I think they used the profvis package to show that they see about ~100 MB of memory allocated by serializedSize(). Indeed, if I run something like:
prof <- profvis::profvis({
for (kk in 1:1e6) parallelly::serializedSize(NULL)
})I see lots of memory being reported, e.g.
| Code | File | Memory (MB) [deallocated/allocated] |
|---|---|---|
parallelly::serializedSize |
<expr> |
-4246.6 / 4492.0 |
for (kk in 1:1e6) parallelly::serializedSize(NULL) |
<expr> |
-445.3 / 221.1 |
but that looks odd to me.
Troubleshooting
I'm not sure how this happens, but it could be that the internal serialization code of R that we rely on materializes each intermitten object, which we never make use of - we are only interested in the byte counts. Our code is in https://github.com/futureverse/parallelly/blob/develop/src/calc-serialized-size.c.
It could be that something else is going on here. To better inspect them memory allocations, I going low-level base::Rprof(), which profvis uses internally. With this, I get:
library(parallelly)
R <- 1e7
ns <- c(0, 1, 1e2, 1e3, 1e4, 1e5, 1e6, 1e7)
data <- data.frame(n = ns, size = double(length(sizes)), bytes_per_call = double(length(sizes)))

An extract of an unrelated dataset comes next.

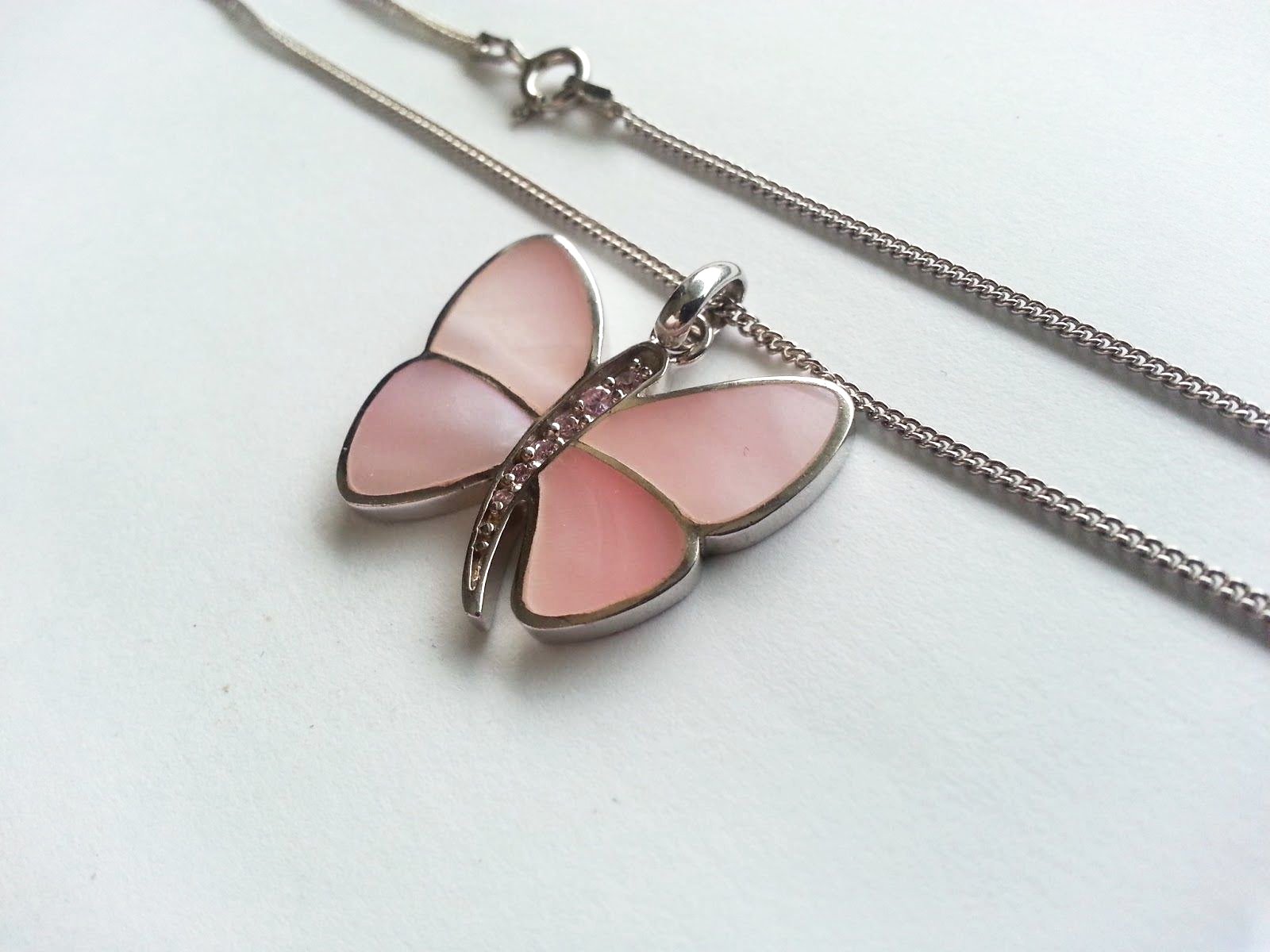 Collar de cadena con colgante de anillo y charm de mariposa en plata de primera ley Nácar MOP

for (kk in seq_len(nrow(data))) {
n <- data$n[kk]
x <- rnorm(n)
size <- object.size(x)
message(sprintf("Object size: %d bytes", size))
data[kk, "size"] <- size
Rprof(memory.profiling = TRUE)
for (rr in 1:R) { serializedSize(x) }
Rprof(NULL)
prof <- summaryRprof(memory = "both")
mem_avg <- prof$by.total[['"serializedSize"', "mem.total"]] * 1024^2 / R
data[kk, "bytes_per_call"] <- mem_avg
}
print(data)With R = 1e5, I get:
n size bytes_per_call
1 0e+00 48 907.0182
2 1e+00 56 717.2260
3 1e+02 848 959.4470
4 1e+03 8048 761.2662
5 1e+04 80048 2690.6460
6 1e+05 800048 2552.2340
7 1e+06 8000048 2403.3362
8 1e+07 80000048 2819.6209
With R = 1e6, I get:
> data
n size bytes_per_call
1 0e+00 48 3794.3771
2 1e+00 56 4143.5529
3 1e+02 848 2741.6068
4 1e+03 8048 2570.6889
5 1e+04 80048 1286.8125
6 1e+05 800048 298.8442
7 1e+06 8000048 294.0207
8 1e+07 80000048 2794.4550
With R = 1e7, I get:
n size bytes_per_call
1 0e+00 48 1587.072
2 1e+00 56 1433.246
3 1e+02 848 1556.359
4 1e+03 8048 1615.164
5 1e+04 80048 2918.145
6 1e+05 800048 1345.313
7 1e+06 8000048 1154.765
8 1e+07 80000048 5260.957
I'm not sure what to make of this, because this says that only 2-5 kB is allocated per serializedSize() call regardless of size of object being sized.
@coolbutuseless, as a expert on serialization and the one who came up with serializedSize(), do you know if the internals materialize the different objects as they are being serialized? If so, do you if the R API allows us to avoid that? For instance, if I use:
con <- file(nullfile(), open = "wb")
void <- serialize(x, connection = con)
close(con)I think the objects being serialized are immediately streamed to the null file, avoiding any materializing in memory. I wonder if that strategy could be used in serializedSize().